TASK BRIEF
The line with "Fig. 23 - Fusion" marks where to begin; print it and all lines after it in the material below exactly, skipping pictures.

EXERCISE DATA
__________________________________________________
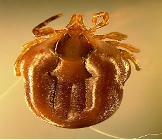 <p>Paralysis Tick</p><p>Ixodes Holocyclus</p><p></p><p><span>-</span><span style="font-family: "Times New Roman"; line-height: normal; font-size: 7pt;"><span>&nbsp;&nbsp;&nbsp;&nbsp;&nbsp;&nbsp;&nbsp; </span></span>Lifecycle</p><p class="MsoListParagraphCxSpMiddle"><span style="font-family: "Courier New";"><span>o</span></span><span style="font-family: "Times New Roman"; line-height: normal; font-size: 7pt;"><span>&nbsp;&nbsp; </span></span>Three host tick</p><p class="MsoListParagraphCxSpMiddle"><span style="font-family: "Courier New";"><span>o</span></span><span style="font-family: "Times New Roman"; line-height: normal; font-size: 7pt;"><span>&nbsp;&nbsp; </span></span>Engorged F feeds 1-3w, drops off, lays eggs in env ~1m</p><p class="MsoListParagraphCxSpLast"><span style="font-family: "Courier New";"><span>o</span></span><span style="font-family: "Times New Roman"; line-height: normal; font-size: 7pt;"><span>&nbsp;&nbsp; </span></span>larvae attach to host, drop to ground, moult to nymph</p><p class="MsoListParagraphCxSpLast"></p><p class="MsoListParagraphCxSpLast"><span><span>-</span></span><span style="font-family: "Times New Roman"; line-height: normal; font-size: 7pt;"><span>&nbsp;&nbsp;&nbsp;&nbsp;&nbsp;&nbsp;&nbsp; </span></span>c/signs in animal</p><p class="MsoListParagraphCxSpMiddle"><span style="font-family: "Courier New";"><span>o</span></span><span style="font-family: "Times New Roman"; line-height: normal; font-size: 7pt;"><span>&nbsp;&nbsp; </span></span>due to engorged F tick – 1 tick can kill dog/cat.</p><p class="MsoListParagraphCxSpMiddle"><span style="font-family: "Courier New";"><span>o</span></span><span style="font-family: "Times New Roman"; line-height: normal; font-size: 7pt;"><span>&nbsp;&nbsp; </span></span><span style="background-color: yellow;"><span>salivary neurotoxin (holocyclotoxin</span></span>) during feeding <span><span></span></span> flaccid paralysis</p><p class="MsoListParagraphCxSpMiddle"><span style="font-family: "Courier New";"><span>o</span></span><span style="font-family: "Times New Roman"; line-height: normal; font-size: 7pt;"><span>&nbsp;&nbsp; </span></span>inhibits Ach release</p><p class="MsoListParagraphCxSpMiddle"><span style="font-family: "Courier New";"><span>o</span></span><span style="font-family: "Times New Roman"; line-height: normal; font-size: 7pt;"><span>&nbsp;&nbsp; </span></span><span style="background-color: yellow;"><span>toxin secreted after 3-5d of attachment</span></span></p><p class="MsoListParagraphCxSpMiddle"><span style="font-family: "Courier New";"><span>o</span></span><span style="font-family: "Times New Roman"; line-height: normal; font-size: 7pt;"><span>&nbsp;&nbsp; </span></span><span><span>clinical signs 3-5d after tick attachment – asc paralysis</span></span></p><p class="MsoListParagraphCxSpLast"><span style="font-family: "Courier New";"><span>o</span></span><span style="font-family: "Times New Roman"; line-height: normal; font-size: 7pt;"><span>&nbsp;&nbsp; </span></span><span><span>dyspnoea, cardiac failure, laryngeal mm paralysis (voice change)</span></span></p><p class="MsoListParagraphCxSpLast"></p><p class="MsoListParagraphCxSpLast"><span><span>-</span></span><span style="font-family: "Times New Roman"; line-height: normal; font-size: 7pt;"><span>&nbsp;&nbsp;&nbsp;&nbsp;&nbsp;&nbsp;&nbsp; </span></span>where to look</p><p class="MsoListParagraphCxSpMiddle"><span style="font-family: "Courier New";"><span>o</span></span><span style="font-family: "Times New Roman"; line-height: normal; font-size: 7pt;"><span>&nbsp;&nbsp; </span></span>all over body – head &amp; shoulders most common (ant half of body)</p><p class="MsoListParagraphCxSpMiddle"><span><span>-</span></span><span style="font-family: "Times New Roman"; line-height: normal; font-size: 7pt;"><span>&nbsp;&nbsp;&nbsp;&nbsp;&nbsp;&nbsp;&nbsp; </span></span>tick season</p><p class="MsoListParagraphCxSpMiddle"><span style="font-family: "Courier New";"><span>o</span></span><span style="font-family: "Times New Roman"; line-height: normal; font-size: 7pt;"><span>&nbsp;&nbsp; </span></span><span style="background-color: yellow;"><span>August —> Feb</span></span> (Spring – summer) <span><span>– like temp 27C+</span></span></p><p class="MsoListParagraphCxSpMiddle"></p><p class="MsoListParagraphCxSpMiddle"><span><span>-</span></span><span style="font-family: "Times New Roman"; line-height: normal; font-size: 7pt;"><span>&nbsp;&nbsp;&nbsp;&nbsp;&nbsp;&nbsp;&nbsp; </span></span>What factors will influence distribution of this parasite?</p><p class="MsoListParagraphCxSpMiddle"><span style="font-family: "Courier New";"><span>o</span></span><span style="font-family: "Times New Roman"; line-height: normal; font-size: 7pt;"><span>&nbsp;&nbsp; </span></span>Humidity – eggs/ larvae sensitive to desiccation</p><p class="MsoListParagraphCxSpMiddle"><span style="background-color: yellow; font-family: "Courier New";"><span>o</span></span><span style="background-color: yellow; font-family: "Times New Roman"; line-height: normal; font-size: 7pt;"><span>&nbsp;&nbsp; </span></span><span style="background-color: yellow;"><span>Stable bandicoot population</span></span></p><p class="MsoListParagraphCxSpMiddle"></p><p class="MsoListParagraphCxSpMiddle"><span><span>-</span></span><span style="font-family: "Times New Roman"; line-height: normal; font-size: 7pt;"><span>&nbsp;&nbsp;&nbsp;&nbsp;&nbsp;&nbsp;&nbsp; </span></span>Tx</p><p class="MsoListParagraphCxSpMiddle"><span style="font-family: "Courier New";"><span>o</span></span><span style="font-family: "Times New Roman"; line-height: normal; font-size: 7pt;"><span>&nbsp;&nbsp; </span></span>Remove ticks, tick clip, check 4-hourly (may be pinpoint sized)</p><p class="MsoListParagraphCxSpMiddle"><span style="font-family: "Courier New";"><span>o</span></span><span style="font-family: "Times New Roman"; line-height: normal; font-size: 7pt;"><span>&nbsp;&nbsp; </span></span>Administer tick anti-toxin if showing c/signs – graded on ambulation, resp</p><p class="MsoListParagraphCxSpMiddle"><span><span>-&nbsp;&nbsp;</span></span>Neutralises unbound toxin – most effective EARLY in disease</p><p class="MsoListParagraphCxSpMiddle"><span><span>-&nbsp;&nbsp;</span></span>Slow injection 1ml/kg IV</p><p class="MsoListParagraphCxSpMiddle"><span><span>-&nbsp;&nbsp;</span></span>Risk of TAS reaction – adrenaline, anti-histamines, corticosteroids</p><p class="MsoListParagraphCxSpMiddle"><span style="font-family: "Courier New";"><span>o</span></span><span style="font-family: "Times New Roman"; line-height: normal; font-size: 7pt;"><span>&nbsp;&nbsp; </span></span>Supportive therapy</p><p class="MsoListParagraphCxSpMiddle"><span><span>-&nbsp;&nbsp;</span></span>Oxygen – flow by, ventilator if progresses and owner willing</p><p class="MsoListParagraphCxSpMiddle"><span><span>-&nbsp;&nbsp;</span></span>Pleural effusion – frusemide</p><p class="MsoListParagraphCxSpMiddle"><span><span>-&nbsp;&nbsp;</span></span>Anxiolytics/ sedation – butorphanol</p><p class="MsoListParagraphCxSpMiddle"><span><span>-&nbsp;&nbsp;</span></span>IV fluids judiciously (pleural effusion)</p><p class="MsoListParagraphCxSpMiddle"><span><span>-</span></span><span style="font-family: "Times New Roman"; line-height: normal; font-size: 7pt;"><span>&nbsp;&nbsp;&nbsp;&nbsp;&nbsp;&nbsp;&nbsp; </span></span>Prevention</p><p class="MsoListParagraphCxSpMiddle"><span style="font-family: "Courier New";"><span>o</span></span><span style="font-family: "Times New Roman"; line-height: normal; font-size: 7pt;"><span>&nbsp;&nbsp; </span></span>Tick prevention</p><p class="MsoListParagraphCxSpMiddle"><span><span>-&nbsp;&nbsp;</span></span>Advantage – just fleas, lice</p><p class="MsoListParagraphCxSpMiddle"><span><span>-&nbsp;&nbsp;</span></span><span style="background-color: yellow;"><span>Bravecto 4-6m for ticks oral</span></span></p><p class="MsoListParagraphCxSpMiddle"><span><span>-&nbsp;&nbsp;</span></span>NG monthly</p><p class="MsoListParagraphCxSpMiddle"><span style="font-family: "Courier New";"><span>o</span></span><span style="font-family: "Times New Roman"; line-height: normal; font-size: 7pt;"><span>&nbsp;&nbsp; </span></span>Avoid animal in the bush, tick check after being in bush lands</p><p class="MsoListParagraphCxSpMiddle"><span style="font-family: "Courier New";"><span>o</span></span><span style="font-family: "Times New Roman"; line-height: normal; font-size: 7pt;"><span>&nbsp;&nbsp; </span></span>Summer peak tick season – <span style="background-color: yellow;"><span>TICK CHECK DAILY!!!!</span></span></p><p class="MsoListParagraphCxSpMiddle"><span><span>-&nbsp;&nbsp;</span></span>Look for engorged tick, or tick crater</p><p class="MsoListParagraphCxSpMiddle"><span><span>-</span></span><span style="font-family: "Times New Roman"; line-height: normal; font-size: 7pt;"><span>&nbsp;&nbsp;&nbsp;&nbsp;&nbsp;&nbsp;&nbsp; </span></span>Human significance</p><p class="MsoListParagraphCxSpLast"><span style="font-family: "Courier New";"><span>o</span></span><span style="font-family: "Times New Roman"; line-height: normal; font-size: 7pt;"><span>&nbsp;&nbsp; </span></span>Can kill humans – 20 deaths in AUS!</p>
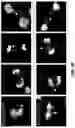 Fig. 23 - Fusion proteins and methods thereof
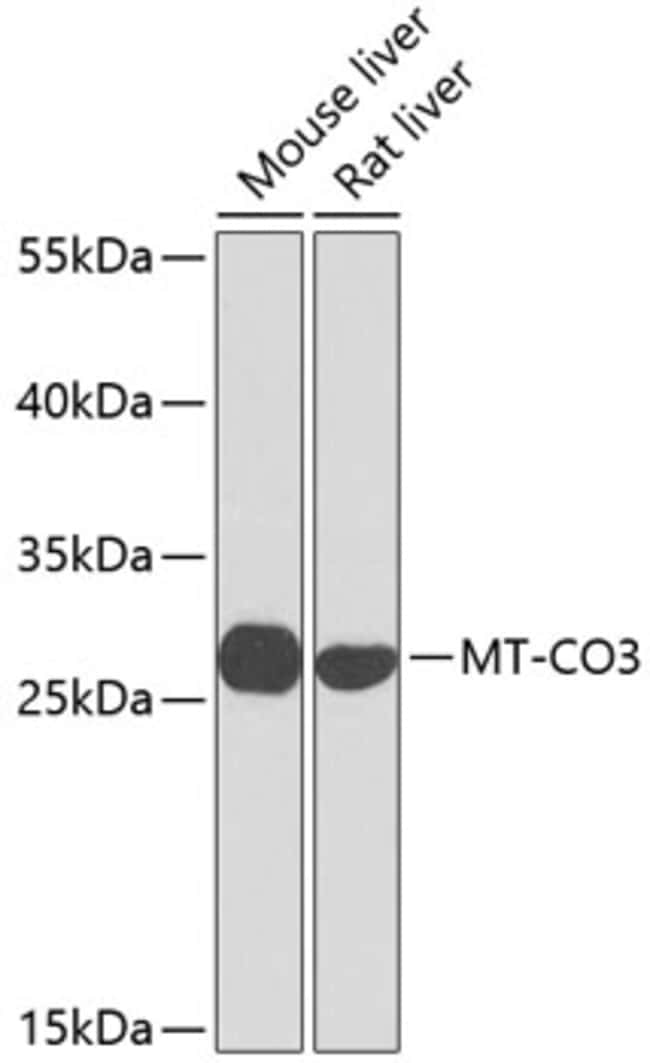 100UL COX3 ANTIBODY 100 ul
__________________________________________________
COMPLETED EXERCISE
 Fig. 23 - Fusion proteins and methods thereof
 100UL COX3 ANTIBODY 100 ul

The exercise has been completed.